Zeitungsberichte: US-Regierung begrüßt Intervention
Die US-Regierung hat nach einem Zeitungsbericht Unterstützung für die Militärintervention Äthiopiens signalisiert. Äthiopien reagiere auf eine Aggression und versuche, Waffenlieferungen für die Islamisten in Somalia aus dem Ausland einzudämmen, zitiert die «New York Times» am Mittwoch eine Sprecherin des Außenministeriums.
Nach Berichten von US-Medien wie der «Washington Post» soll die
US-Regierung heimlich Milizen und Kriegsherren der sogenannten Anti-Terrorismus-Allianz gegen die islamistischen Milizen unterstützt
haben. Als Gegenleistung hätten die «Warlords» versprochen,
mutmaßliche Terroristen dingfest zu machen und auszuliefern
Addis Abeba: Schneller Truppenrückzug geplant
Äthiopien unterstützt die international anerkannte somalische Übergangsregierung in der Stadt Baidoa und hatte den in Mogadischu herrschenden Islamisten am Sonntag den Krieg erklärt. Der äthiopische Ministerpräsident Meles Zenawi sagte, er wolle seine Truppen so schnell wie möglich wieder zurückziehen. Bislang hätten sie etwa die Hälfte ihrer Mission erreicht. Augenzeugen berichten schon seit Wochen, dass äthiopische Soldaten in Somalia im Einsatz sind. Meles begründete die Intervention mit dem Kampf gegen internationale Terroristen und der Wahrung äthiopischer Interessen. Die USA gehen davon aus, dass auch ehemalige El-Kaida-Führer zur Führungsspitze der Miliz gehören. Bei vielen der Opfer handele es sich nicht um Somalier, sagte Meles, ohne Einzelheiten zu nennen. Nach seinen Angaben sind bei den Kämpfen in den vergangenen Tagen mindestens 1000 Menschen getötet und mehr als 3000 verletzt worden.
Internationale Befürchtungen
Somalia hat seit dem Sturz von Staatschef Mohamed Siad Barre im Jahr 1991 keine funktionierende Zentralregierung mehr.
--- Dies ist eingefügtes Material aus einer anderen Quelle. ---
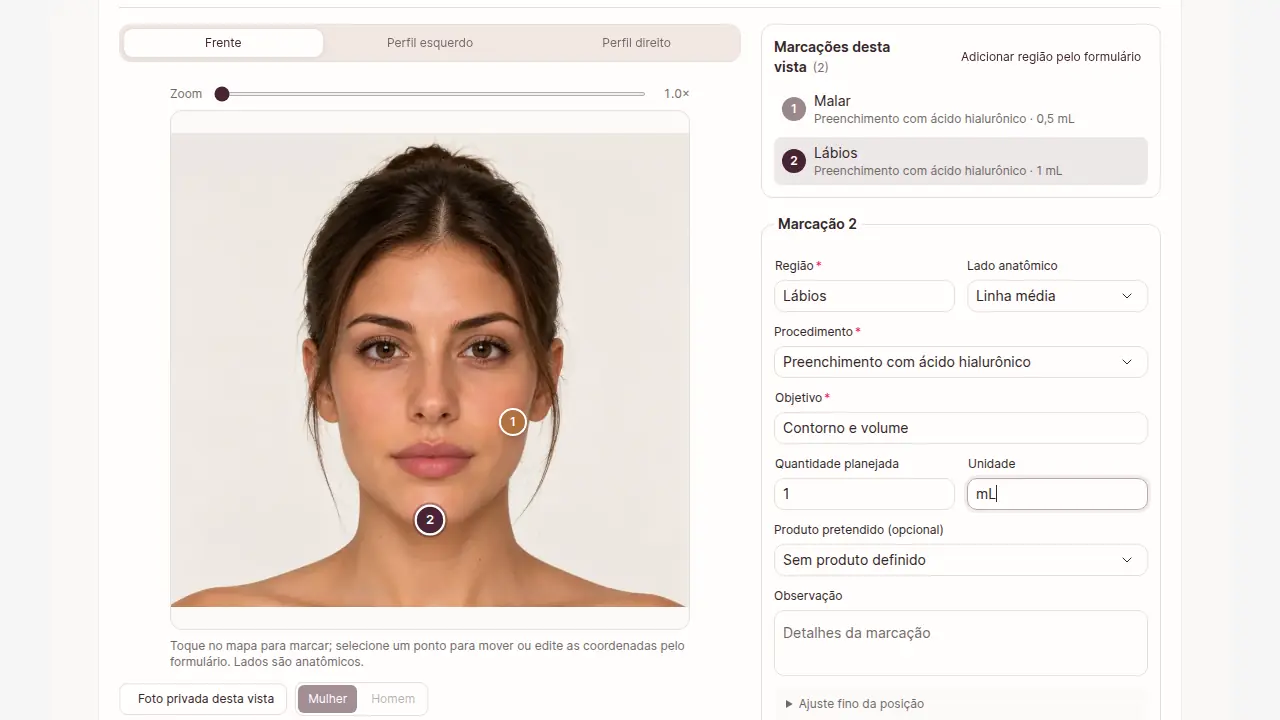 Mapa facial com duas marcações numeradas e o formulário da marcação preenchido; dados fictícios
Von der Machtübernahme der Islamisten versprachen sich viele Somalier zunächst zumindest Ruhe und Stabilität. Experten befürchten unterdessen, dass Somalia zum Schauplatz eines regionalen Kriegs am Horn von Afrika werden könnte. Nach einem UN-Bericht beliefern zehn Staaten die Konfliktparteien in Somalia mit Waffen und Ausrüstung.
Die Afrikanische Union (AU), die Arabische Liga und die regionale IGAD-Gruppe forderten die Kontrahenten auf, das Blutvergießen zu beenden. Sie beriefen für Mittwoch Gespräche über die Krise in Somalia ein. Auch Bundesaußenminister Frank-Walter Steinmeier zeigte sich besorgt über die Eskalation. Das Auswärtige Amt sagte der Diakonie Katastrophenhilfe 250.000 Euro für die Erstversorgung von Flüchtlingen zu. Bereits in den letzten Wochen hatte das Auswärtige Amt Hilfsprojekte in Somalia und zu Gunsten somalischer Flüchtlinge in Kenia mit 1,2 Millionen Euro unterstützt.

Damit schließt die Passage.